◆ Action item
For this exercise, copy exactly the lines below from the one with "Mikolaj Czaplinski, Aussen, (PGE" through the one with "2012 Ford Mustang" and leave out the pictures.

◆ Material provided

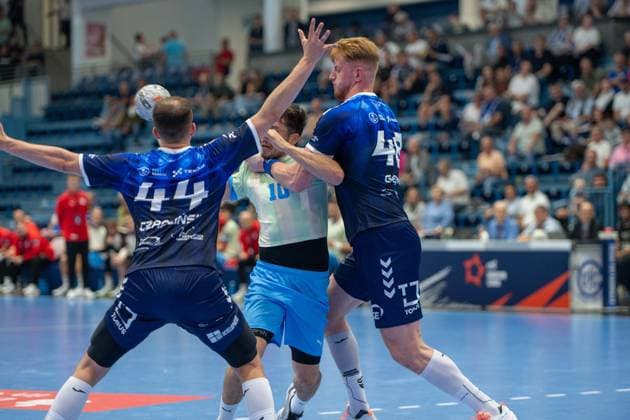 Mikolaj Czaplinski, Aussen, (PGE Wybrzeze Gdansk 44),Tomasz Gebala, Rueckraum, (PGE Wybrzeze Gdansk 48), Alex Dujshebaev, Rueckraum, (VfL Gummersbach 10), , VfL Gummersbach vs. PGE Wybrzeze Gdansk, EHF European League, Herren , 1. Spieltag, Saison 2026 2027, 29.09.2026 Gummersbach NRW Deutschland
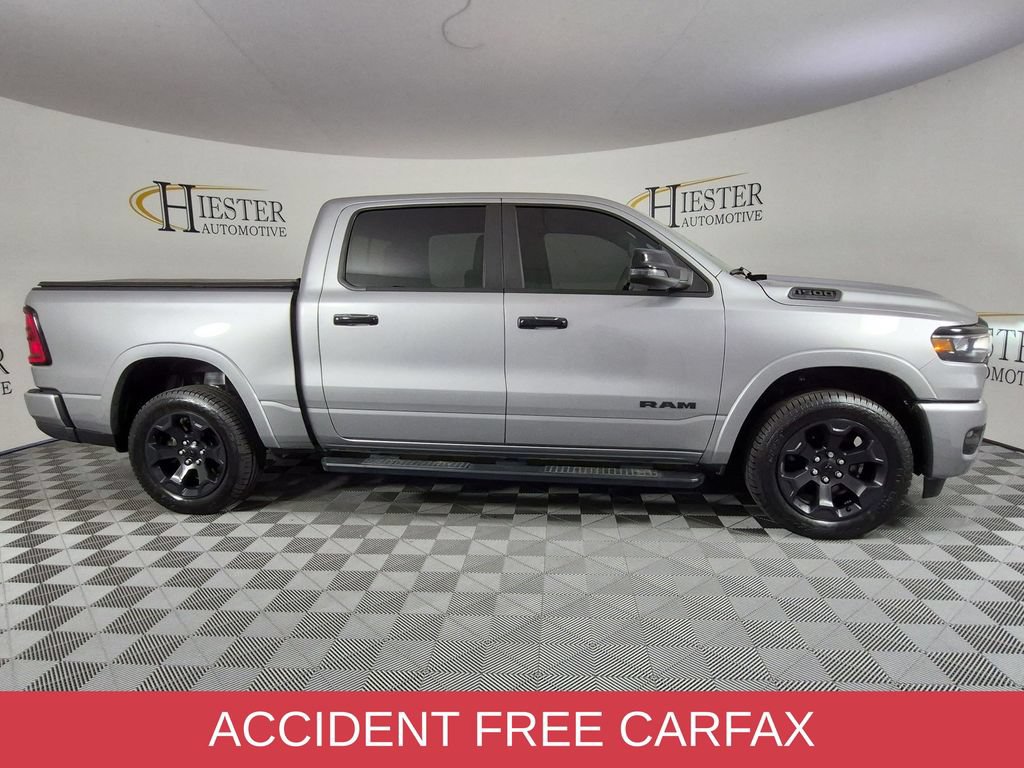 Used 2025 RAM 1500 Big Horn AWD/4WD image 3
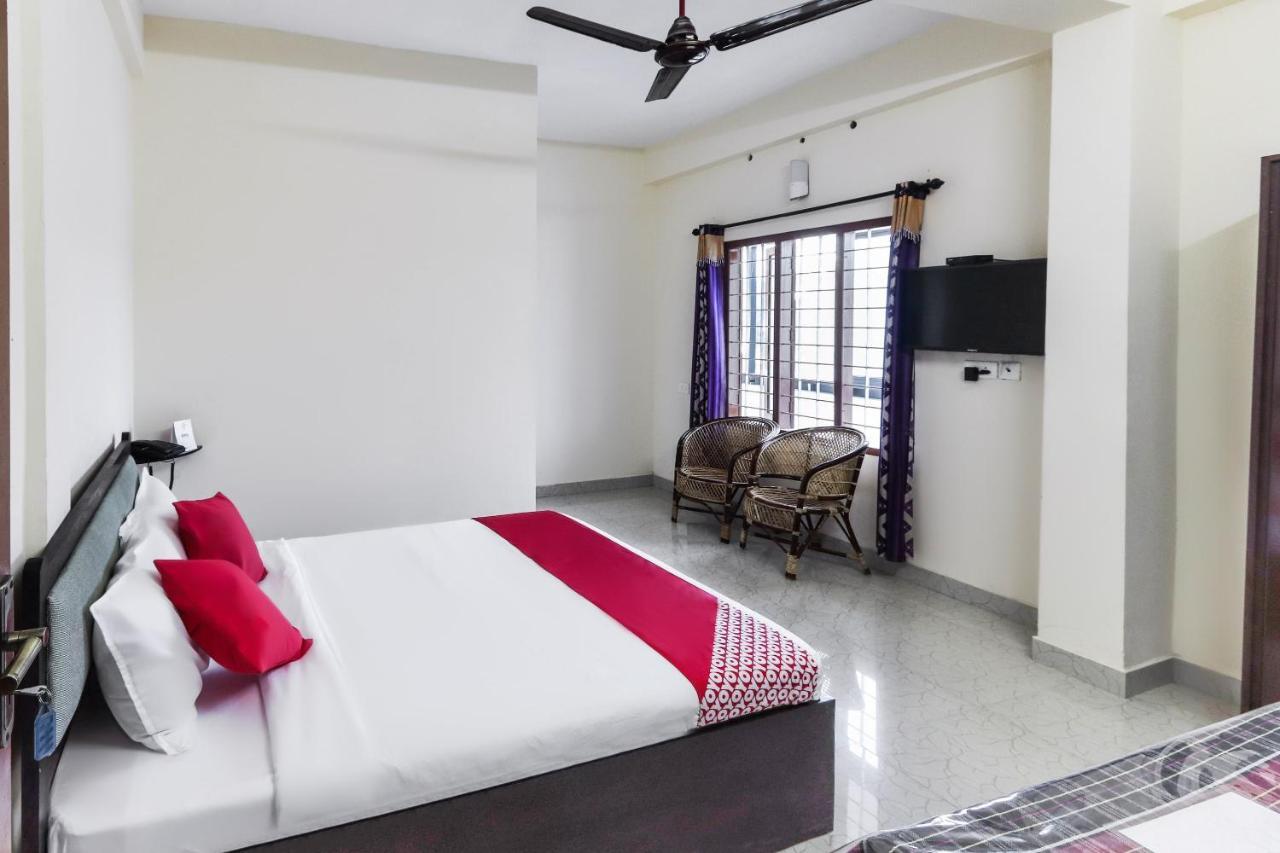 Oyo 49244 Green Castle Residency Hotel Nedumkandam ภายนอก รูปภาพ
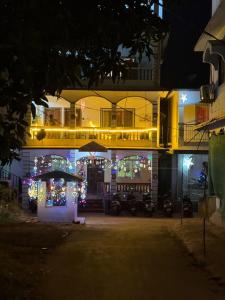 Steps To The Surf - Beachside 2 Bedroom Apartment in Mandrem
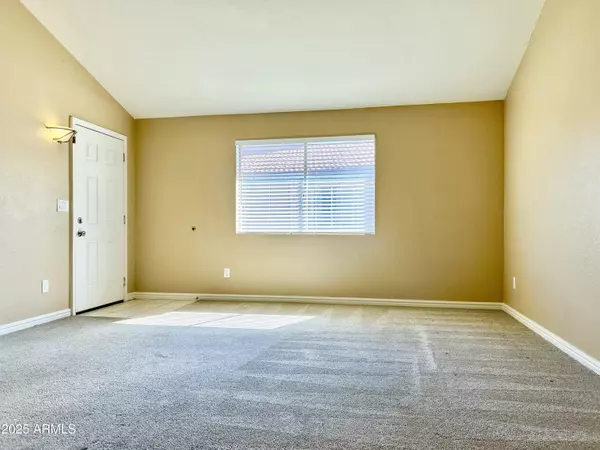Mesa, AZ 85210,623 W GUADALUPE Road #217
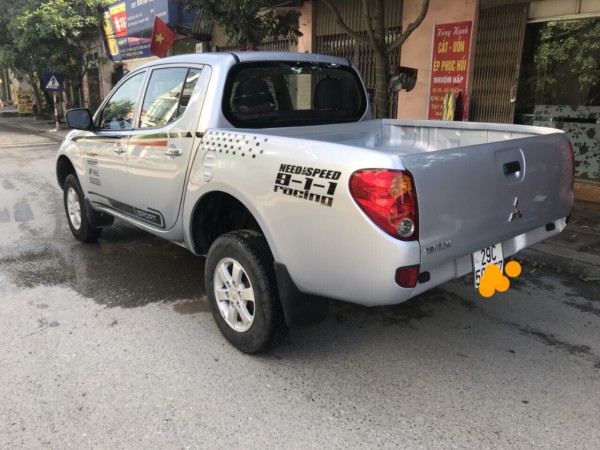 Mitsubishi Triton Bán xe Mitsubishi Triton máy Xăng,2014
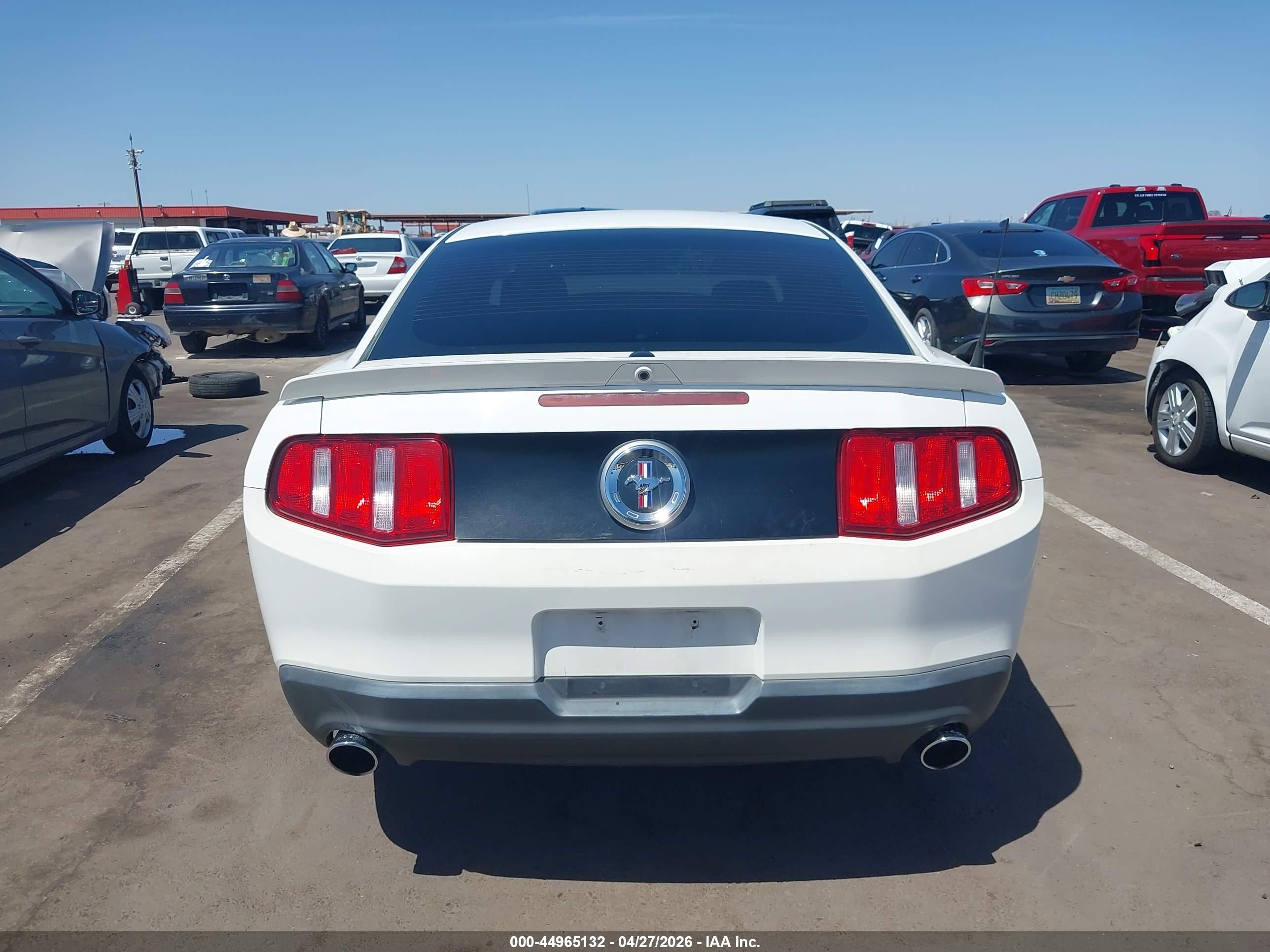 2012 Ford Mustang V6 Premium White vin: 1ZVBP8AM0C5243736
==
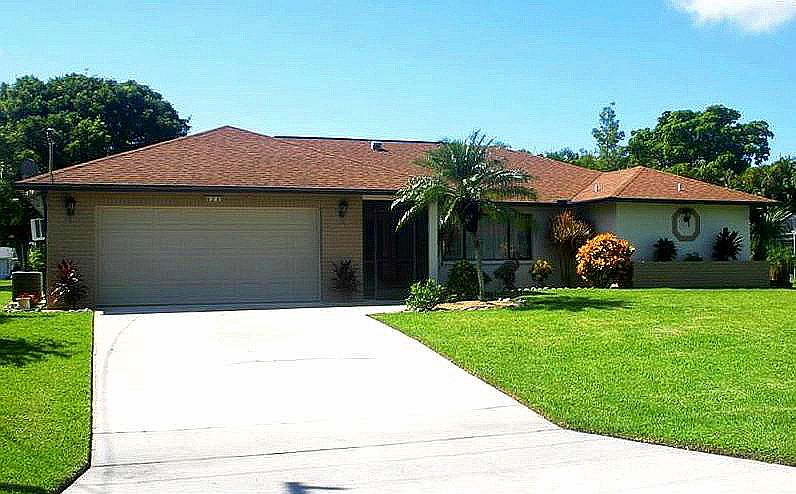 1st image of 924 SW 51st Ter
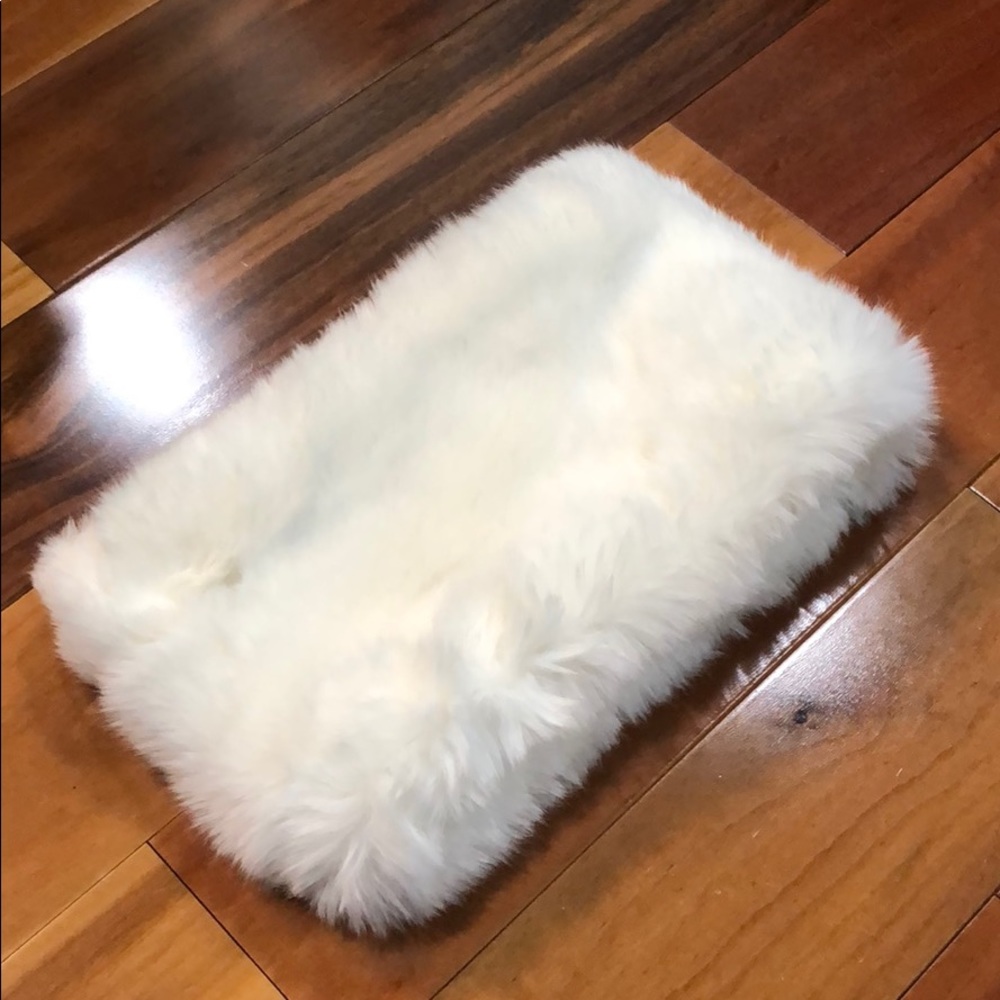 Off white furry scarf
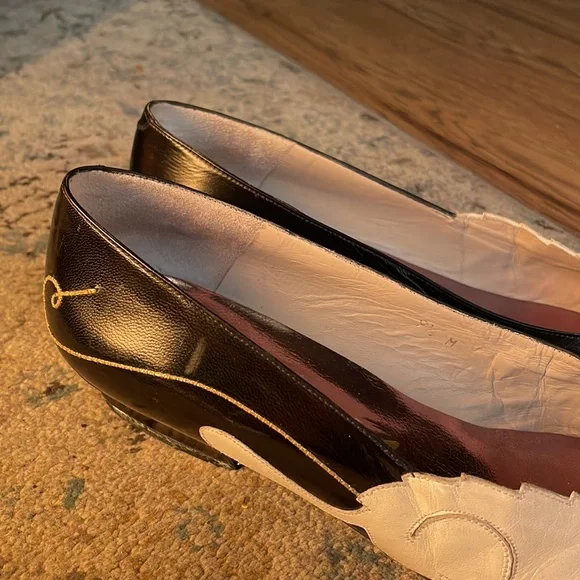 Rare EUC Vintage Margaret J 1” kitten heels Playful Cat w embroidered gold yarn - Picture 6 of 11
...
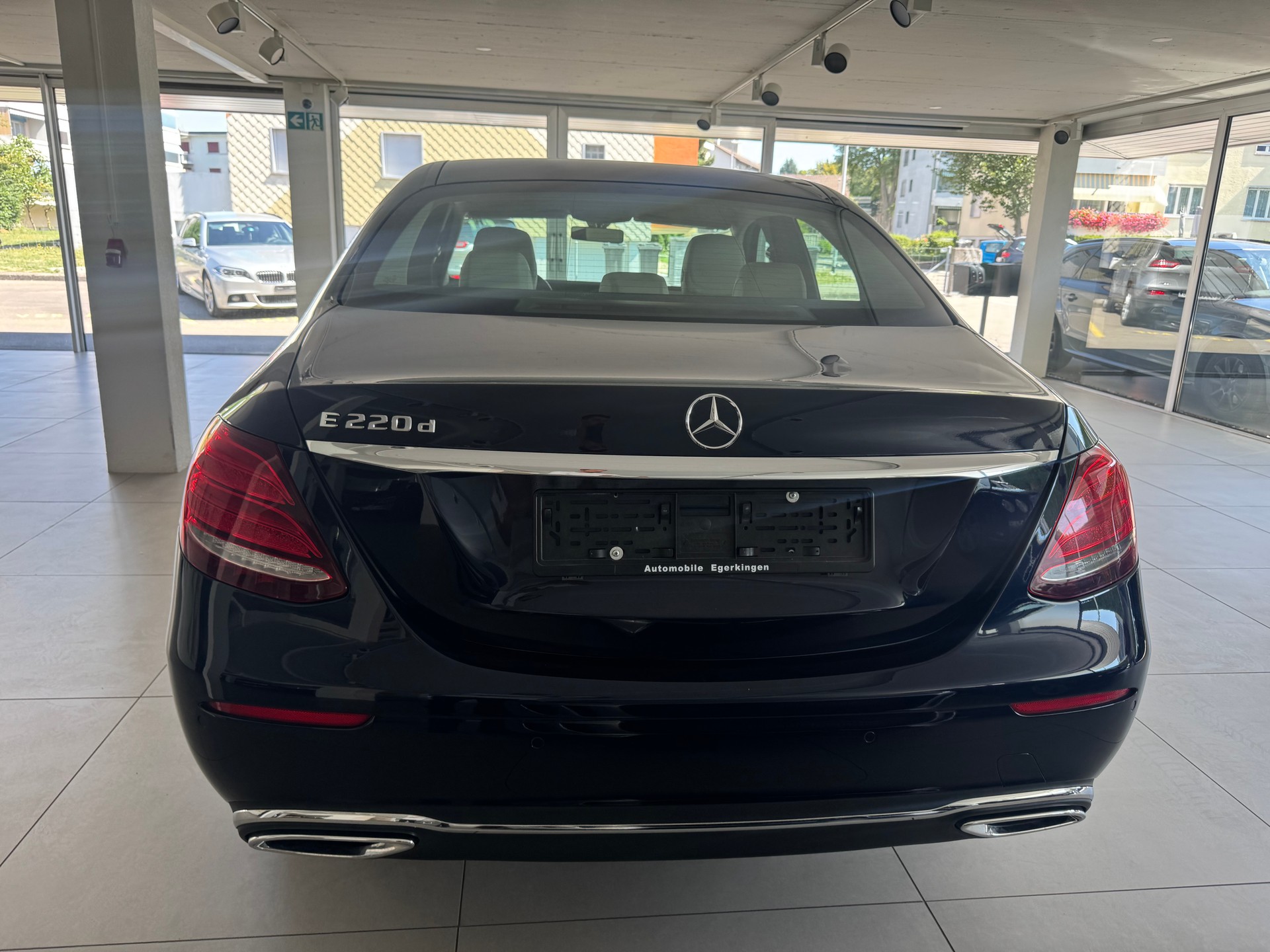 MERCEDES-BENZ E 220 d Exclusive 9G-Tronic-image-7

◆ Reply
 Mikolaj Czaplinski, Aussen, (PGE Wybrzeze Gdansk 44),Tomasz Gebala, Rueckraum, (PGE Wybrzeze Gdansk 48), Alex Dujshebaev, Rueckraum, (VfL Gummersbach 10), , VfL Gummersbach vs. PGE Wybrzeze Gdansk, EHF European League, Herren , 1. Spieltag, Saison 2026 2027, 29.09.2026 Gummersbach NRW Deutschland
 Used 2025 RAM 1500 Big Horn AWD/4WD image 3
 Oyo 49244 Green Castle Residency Hotel Nedumkandam ภายนอก รูปภาพ
 Steps To The Surf - Beachside 2 Bedroom Apartment in Mandrem
Mesa, AZ 85210,623 W GUADALUPE Road #217
 Mitsubishi Triton Bán xe Mitsubishi Triton máy Xăng,2014
 2012 Ford Mustang V6 Premium White vin: 1ZVBP8AM0C5243736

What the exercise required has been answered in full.